How Geoff Norcott a working class Tory made it to the top of lefty comedy

Geoff Norcott was eight when he got his first laugh on stage.

“I was at a holiday camp on the Isle Of Wight,” the affable comedian recalls. “It was a best cowboy competition. The other kids were introducing themselves as ‘Clint from Texas’ or ‘Hank from Arizona’, but when they asked me, I said, ‘I’m Geoff from Essex’ and all the mums and dads laughed.

“I remember the noise of that laughter, and remember thinking it was great.” Norcott, 46, is generally referred to as “the Conservative-supporting funnyman” although his stand-up isn’t particularly political.

Being Tory was seen as such an aberration when he emerged on the comedy circuit that he had to be categorised. When he first appeared on Question Time in 2017, being a working-class Conservative-voting comedian was as rare as a Vestal Virgin on Love Island.

“I don’t get much stick off other comics – I’ve been on the circuit for years,” he says. “I’m not confrontational, I’m trying to keep everybody in the room, left or right.”

It’s an exciting challenge to tell jokes that work for most people in the audience.” Like many Conservative voters Geoff says he’s “a little disillusioned” with how recent years have played out.

“But do I want to rejoin that huge, opaque organisation that is the EU? The answer is no,” he adds. The former teacher is likeably blokeish.

Indeed, his new book, The British Bloke Decoded, sets out to explain and defend this unprotected sub-species, exploring the joys of beer, male friendship and, unexpectedly, Mary Poppins.

So what is a bloke? “He’s a dependable rank and file of the human male, the standard husband, father, uncle or brother who tries his best…”

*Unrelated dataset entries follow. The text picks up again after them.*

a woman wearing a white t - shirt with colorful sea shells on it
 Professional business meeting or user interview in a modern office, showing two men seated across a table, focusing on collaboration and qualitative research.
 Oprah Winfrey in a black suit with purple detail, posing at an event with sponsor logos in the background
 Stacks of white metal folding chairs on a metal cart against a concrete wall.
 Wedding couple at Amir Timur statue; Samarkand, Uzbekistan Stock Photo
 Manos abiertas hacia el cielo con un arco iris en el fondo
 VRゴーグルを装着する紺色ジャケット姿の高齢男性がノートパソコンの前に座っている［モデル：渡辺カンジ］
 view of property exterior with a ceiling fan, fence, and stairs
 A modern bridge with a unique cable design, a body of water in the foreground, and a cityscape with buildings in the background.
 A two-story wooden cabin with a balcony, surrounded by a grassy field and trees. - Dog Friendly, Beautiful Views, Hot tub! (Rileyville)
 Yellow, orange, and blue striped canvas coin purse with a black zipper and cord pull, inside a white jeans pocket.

Blokes are generally content. “Give a bloke a dressing gown, some Twiglets and an obscure Bundesliga football match and he can sit happily for hours,” says Geoff who’s celebrating these overlooked everyday heroes on his Basic Bloke tour.

He claims to be “at the median point of blokery”, being medium height (5ft 8in) and weight (13st 7lb) with “decidedly average” size 9 feet.

His favourite sport is football, his favourite comedy is Only Fools & Horses. Geoff is average in every way, except for his success as a stand-up.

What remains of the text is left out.